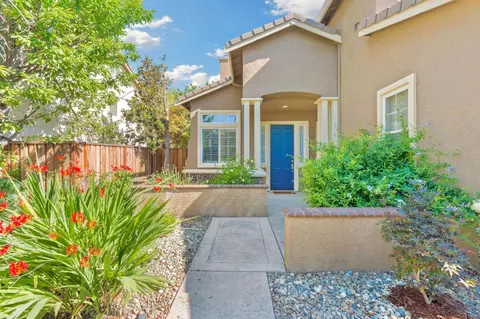 4227 Arroyo Ave, Davis, CA 95618 photo 3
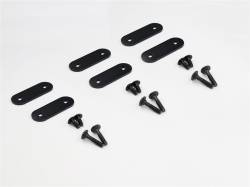 Front Runner - Front Runner TBMK039 Outfitters Universal Tent Quick Release Plates - Image 2
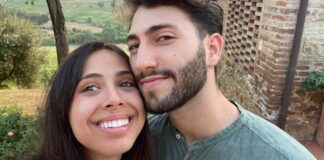 Choosing Quality of Life Over Salary: Couple Moves to Canada and Italy news-14082024-221448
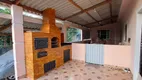 Foto 2 de Casa com 2 Quartos à venda, 75m² em Araruama, Araruama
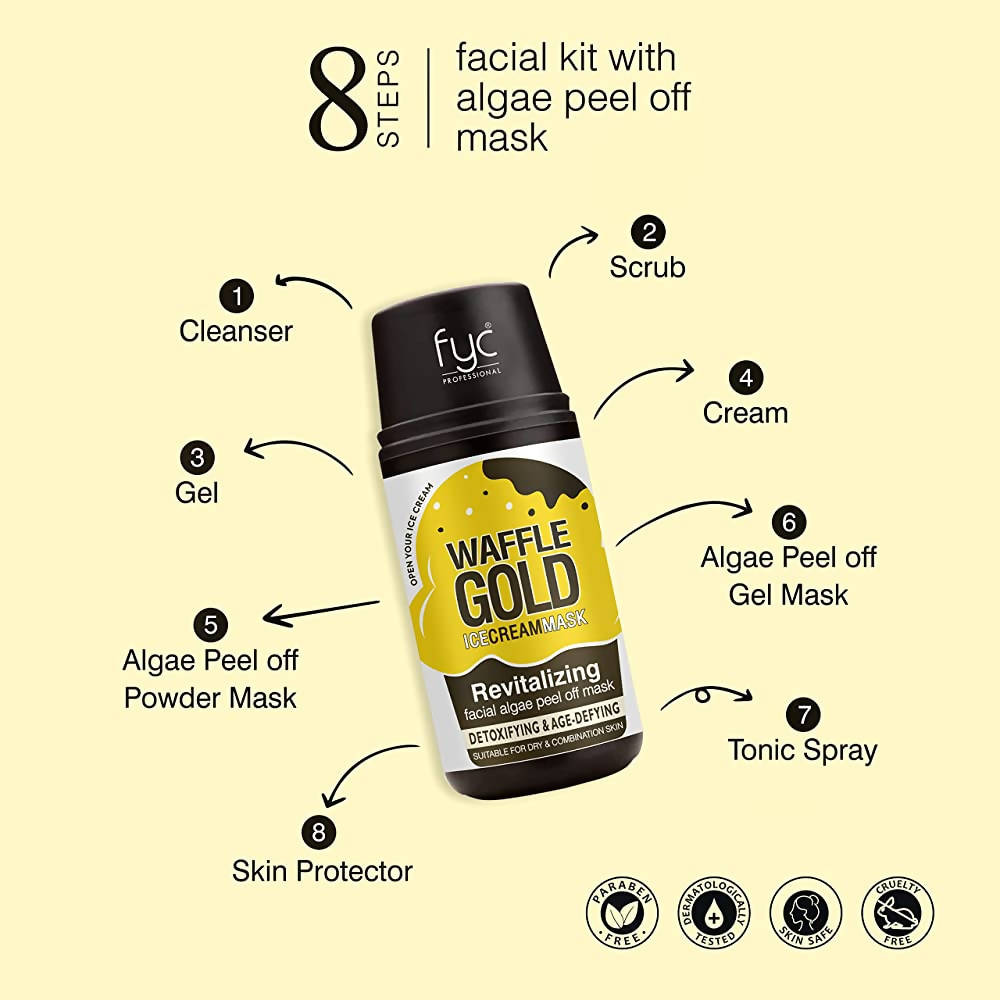 https://cdn.shopify.com/s/files/1/1857/6931/products/Wmf06qASyF.jpg?v=1643114826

# EXERCISE PROMPT
Repeat each record verbatim, pictures excluded.

# SOLUTION TO THIS TASK
 4227 Arroyo Ave, Davis, CA 95618 photo 3
 Front Runner - Front Runner TBMK039 Outfitters Universal Tent Quick Release Plates - Image 2
 Choosing Quality of Life Over Salary: Couple Moves to Canada and Italy news-14082024-221448
 Foto 2 de Casa com 2 Quartos à venda, 75m² em Araruama, Araruama
 https://cdn.shopify.com/s/files/1/1857/6931/products/Wmf06qASyF.jpg?v=1643114826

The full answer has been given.